This is a list of security announcments that have been released for the current stable version of Frugalware
Moshe Kaplan discovered that the NFS dissector could be crashed, resulting in denial of service. It was discovered that the RLC dissector could be crashed, resulting in denial of service. Wesley Neelen discovered a buffer overflow in the MPEG file parser, which could lead to the execution of arbitrary code.
Nikos Mavrogiannopoulos of Red Hat discovered an X.509 certificate verification issue in GnuTLS, an SSL/TLS library. A certificate validation could be reported sucessfully even in cases were an error would prevent all verification steps to be performed. Suman Jana reported that GnuTLS, deviating from the documented behavior, considers a version 1 intermediate certificate as a CA certificate by default.
It was discovered that file, a file type classification tool, contains a flaw in the handling of “indirect” magic rules in the libmagic library, which leads to an infinite recursion when trying to determine the file type of certain files.
Timo Warns reported multiple integer overflow vulnerabilities in libtar, a library for manipulating tar archives, which can result in the execution of arbitrary code. A directory traversal attack was reported against libtar, a C library for manipulating tar archives.
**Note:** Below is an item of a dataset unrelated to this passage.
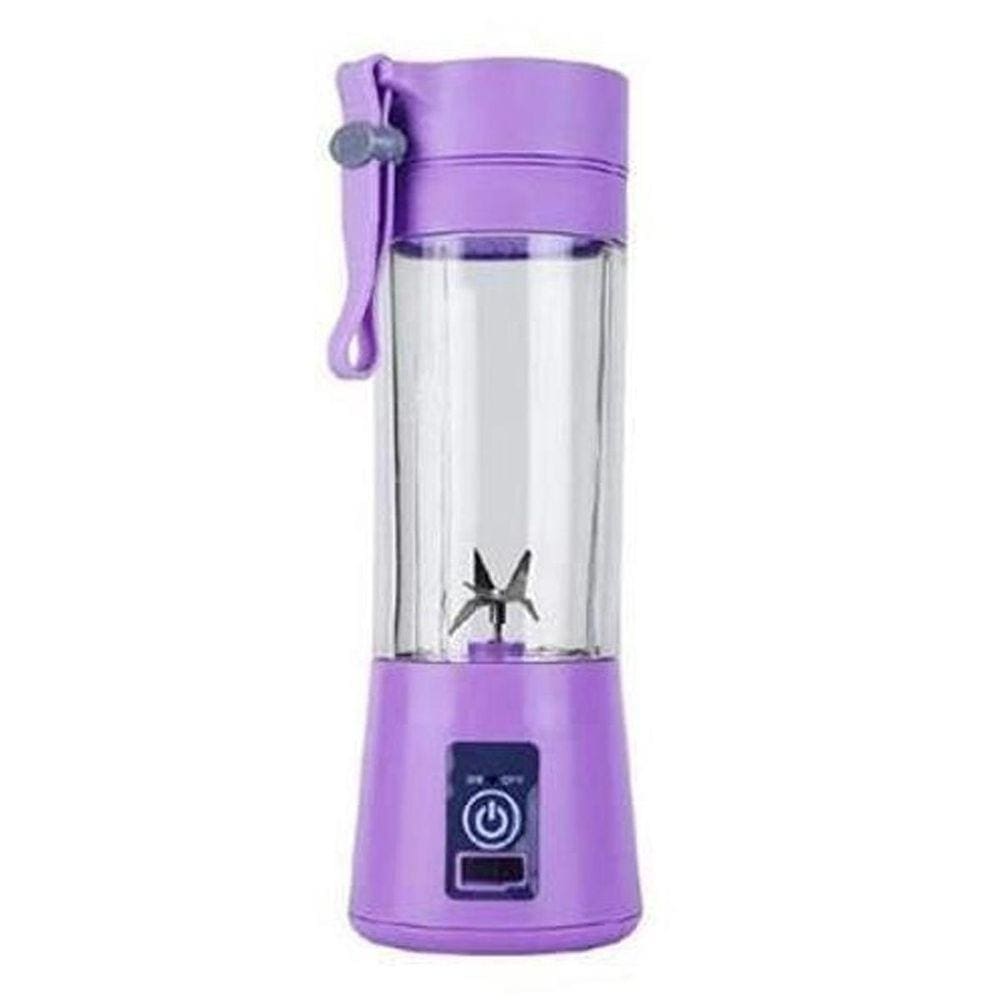 Mini Liquidificador Portátil USB 380ml 6 Lâminas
The application does not validate the filenames inside the tar archive, allowing to extract files in arbitrary path. An attacker can craft a tar file to override files beyond the tar_extract_glob and tar_extract_all prefix parameter.
Yves Younan and Ryan Pentney discovered that libgadu, a library for accessing the Gadu-Gadu instant messaging service, contained an integer overflow leading to a buffer overflow. Attackers which impersonate the server could crash clients and potentially execute arbitrary code.
It was discovered that a malformed Opus voice packet sent to a Mumble client could trigger a NULL pointer dereference or an out-of-bounds array access. A malicious remote attacker could exploit this flaw to mount a denial of service attack against a mumble client by causing the application to crash. It was discovered that a malformed Opus voice packet sent to a Mumble client could trigger a heap-based buffer overflow. A malicious remote attacker could use this flaw to cause a client crash (denial of service) or potentially use it to execute arbitrary code.
It was discovered that Perl’s Locale::Maketext module incorrectly handled backslashes and fully qualified method names. An attacker could possibly use this flaw to execute arbitrary code when an application used untrusted templates.
Jaime Breva Ribes discovered that a remote XMPP user can trigger a crash by sending a message with a timestamp in the distant future. Pidgin could be crashed through overly wide tooltip windows. Jacob Appelbaum discovered that a malicious server or a “man in the middle” could send a malformed HTTP header resulting in denial of service. Daniel Atallah discovered that Pidgin could be crashed through malformed Yahoo! P2P messages. Fabian Yamaguchi and Christian Wressnegger discovered that Pidgin could be crashed through malformed MSN messages. Fabian Yamaguchi and Christian Wressnegger discovered that Pidgin could be crashed through malformed XMPP messages. It was discovered that incorrect error handling when reading the response from a STUN server could result in a crash. Matt Jones discovered a buffer overflow in the parsing of malformed HTTP responses. Yves Younan and Ryan Pentney discovered a buffer overflow when parsing Gadu-Gadu messages. Yves Younan and Pawel Janic discovered an integer overflow when parsing MXit emoticons. Yves Younan discovered a buffer overflow when parsing SIMPLE headers. Daniel Atallah discovered that Pidgin could be crashed via malformed IRC arguments.
Multiple vulnerabilities have been discovered in Drupal, a fully-featured content management framework: Cross-site request forgery, insecure pseudo random number generation, code execution, incorrect security token validation and cross-site scripting. Christian Mainka and Vladislav Mladenov reported a vulnerability in the OpenID module that allows a malicious user to log in as other users on the site, including administrators, and hijack their accounts.
Multiple vulnerabilities have been discovered in Drupal, a fully-featured content management framework: Cross-site request forgery, insecure pseudo random number generation, code execution, incorrect security token validation and cross-site scripting. Christian Mainka and Vladislav Mladenov reported a vulnerability in the OpenID module that allows a malicious user to log in as other users on the site, including administrators, and hijack their accounts. Matt Vance and Damien Tournoud reported an access bypass vulnerability in the taxonomy module. Under certain circumstances, unpublished content can appear on listing pages provided by the taxonomy module and will be visible to users who should not have permission to see it.